Some of the basic questions to explore with this first step are asking who you are as a company. What do you offer? What resources do you have? What are your goals with your employees, customers, products or services?
And from there you move on to why you want to use gamification. Is it to improve employee/team collaboration, increase customer interaction and so forth? After that we move on to brainstorming the how. How would we implement a gamification solution based on the previous answers?
Though one disclaimer, if you cannot answer the questions effectively, especially the final one, then you should likely reconsider whether the gamification solution that is being presented is the correct one.
On top of your own objectives, you will also need to consider your target audiences goals. As they will differ from your own.

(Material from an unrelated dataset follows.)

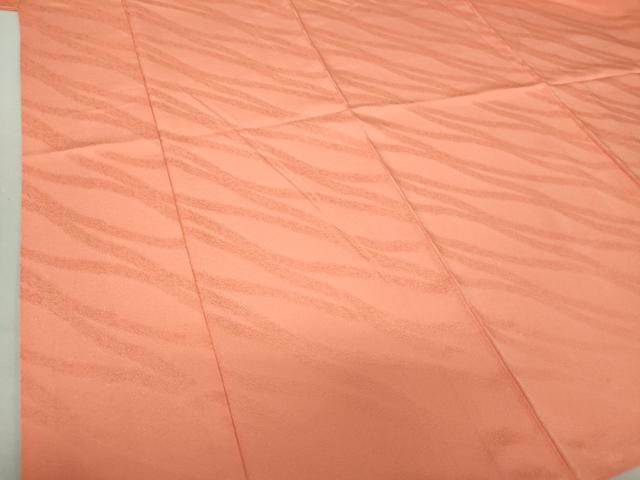 平和屋着物●豪華振袖 霞地紋 色無地 珊瑚朱色 正絹 逸品 DAAV6615ps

Your audience will want to engage with you for very personal reasons, for example, you may wish to sell televisions which make you money, which allows you to make more tv’s and so on. Your target audience does not want to buy a television, they can get a television anywhere. What they want is a viewing experience that they cannot get anywhere else. So consider it from their point of view when developing ideas around and for your audience.
Determining Players
Step two is where you explore your target audience in greater detail, beyond than just their likely overall goal. What they want is still important, but with this step, you want to refine who they are, what they specifically want/need and why they want/need it.
The popular term for this part of the process is known as creating personas. Persona’s define a cluster of like-minded individuals into a specific, easy to comprehend group. You could see this as stereotyping, profiling, or any other synonym for grouping.
This step requires a fair amount of work to research and develop the various persona’s that you may target. However do not create an infinite number of groups, have a handful of groups that you can be easily identified and that everyone in your team can understand. If you are having difficulty then there are some persona models that many gamification experts use as a starting point, for example Andrzej Marczewski’s Player Type Hexad.
Defining Desired Actions
This step is really a catch-all for a few aspects that are required in a gamification solution. First, it’s having an idea of what the specific desired behaviours and actions are that you wish your target audience would take to achieve yours and their objectives.
After you have a rough idea of this, you next determine what the Win and Fail conditions for those objectives and the actions/behaviours associated with them are. These conditions can be elaborate or simple, it is entirely up to the project and the level of detail and comprehension required. To use the television example from earlier, the Win condition is selling a tv that offers a unique viewing experience. The Fail condition is then either not selling the tv or selling it and having a disappointed customer because it did not offer a unique viewing experience.
Once you know your win state and/or fail state, you can start considering which game elements, game mechanics and associated gameplay will best suit what you want to achieve.